How many times has God called us to set aside our preconceived notions about what we planning to do in certain circumstances? How many times have we settled down with a good book during a long airplane ride only to be disturbed by someone in an adjacent seat trying to strike up a conversation with us? As you go through the activities of the week, try to find circumstances in which you sense God would have you go in a different direction. Rather than being disturbed by disruptive circumstances, pray to find God’s hand in what He would have for you in the unexpected event. Though all of us need times of rest, pray that you don’t allow your preconceived time of rest to hinder what God would have you do during an interruption, even if you don’t understand the reason or even the outcomes.

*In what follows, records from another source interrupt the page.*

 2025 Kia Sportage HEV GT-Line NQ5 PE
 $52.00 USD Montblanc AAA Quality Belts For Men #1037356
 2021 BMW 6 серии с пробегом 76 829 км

I remember one afternoon while I was driving home from work in suburban Detroit I saw a young woman alongside the road with a flat tire. Though I wanted to drive on past something within me caused me to stop and volunteer to change the tire. As I began my work, I had in the car some worn out gloves and placed those on my hands. One of the gloves had a hole in the hand and as I was removed the worn out tire from her car some of the steel from the belting found its way through that hole and into my hand making a nice cut. I didn’t say anything but internally cried out in pain. Meanwhile the woman’s boyfriend pulled up and stood by talking to her and watched me finish the job without saying anything to me. Between the pain of the pricks in my hand through the “holy” gloves and the awkwardness of having her boyfriend watching me I wondered why I had stopped in the first place. There was a racial element in place as well. Although I didn’t understand any of the implications of what I did I still followed through with what God put on my heart to accomplish. I could have simply continued my leisurely drive home to my cushy suburban condo. Instead, I drive home with a bleeding hand and with uncertain kinds of metal fibers embedded along with a healthy helping of grease. When I get to heaven I plan to ask Jesus in what ways he used my service in the lives of these young people that afternoon. Until then I am called to do the things that God puts on my heart regardless of my understanding of the reason.

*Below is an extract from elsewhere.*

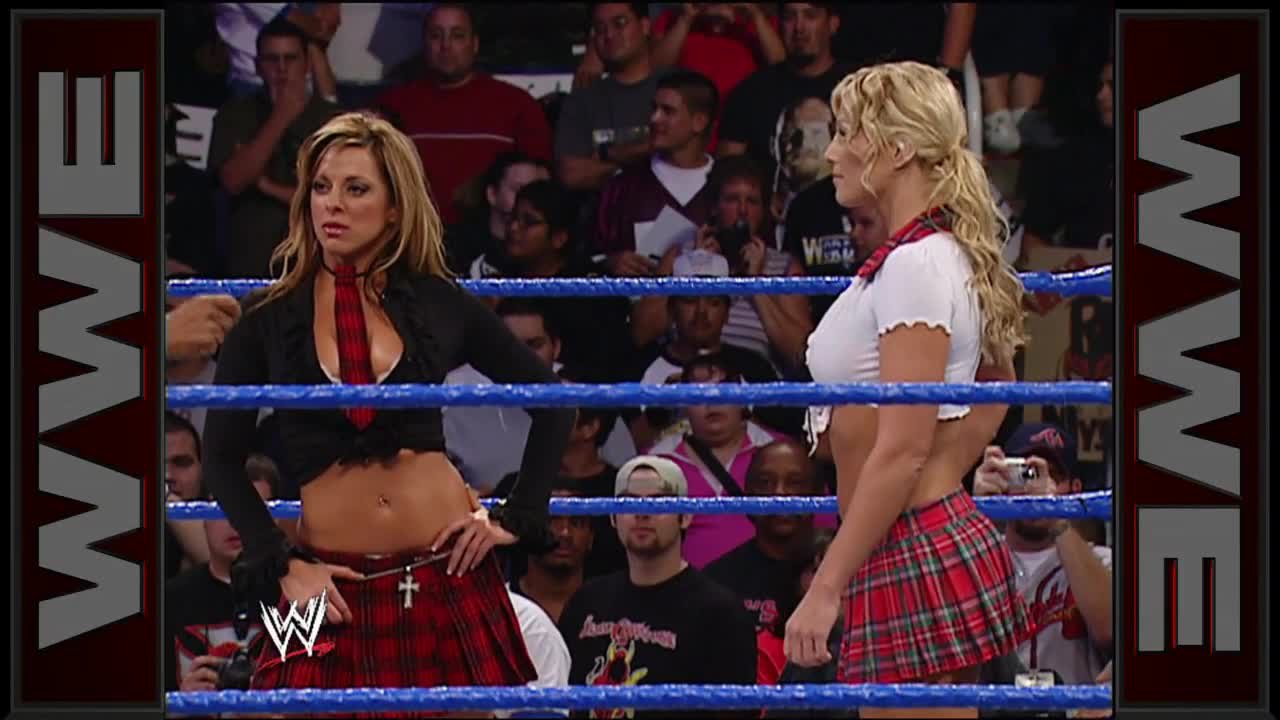 Torrie Wilson to be inducted into the WWE Hall of Fame Class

Bottom Line: Questions for Reflection
1. One of the things with which I have struggled is with the strong sense of separation I felt after leaving my job at one of the Big Three automakers after a tenure of nine years. During this time, much of my life revolved around the people at my workplace. Once I surrendered my magic ID card which provided me access to things like the revolving gate in the engineer center and the test track across the street I felt a deep sense of separation. Through the years after my separation I have attempted to make peace with my decision as I kept in contact with a small group of people back at the company. After I came to faith in Jesus I found that I could deal with my decision much more easily in part because I discovered that God had brought me into contact with this large group of people in order to intercede for them in prayer. At times I still have dreams about being locked out of the company gate without an ID card to get through the turn style security gate.
A. In what ways have you found yourself separated from others in your life? How has your personal relationship with Jesus helped you through these trials?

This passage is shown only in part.